• EXERCISE PROMPT
Print the whole listing again exactly as it stands, leaving out any images.

• GIVEN MATERIAL
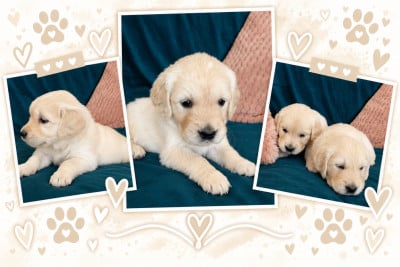 Les chiots de Golden Retriever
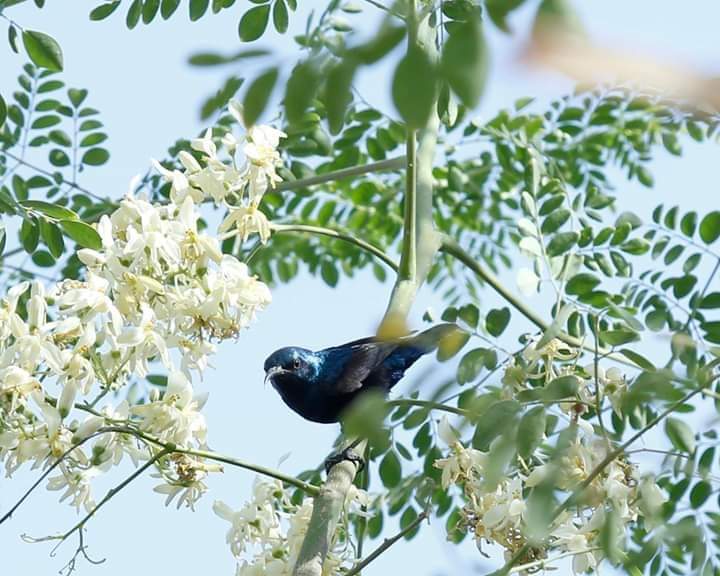 Blue bird on the Trees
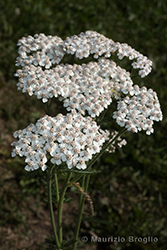 Immagine 2 di 6 - Achillea millefolium L.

• SOLUTION BELOW
 Les chiots de Golden Retriever
 Blue bird on the Trees
 Immagine 2 di 6 - Achillea millefolium L.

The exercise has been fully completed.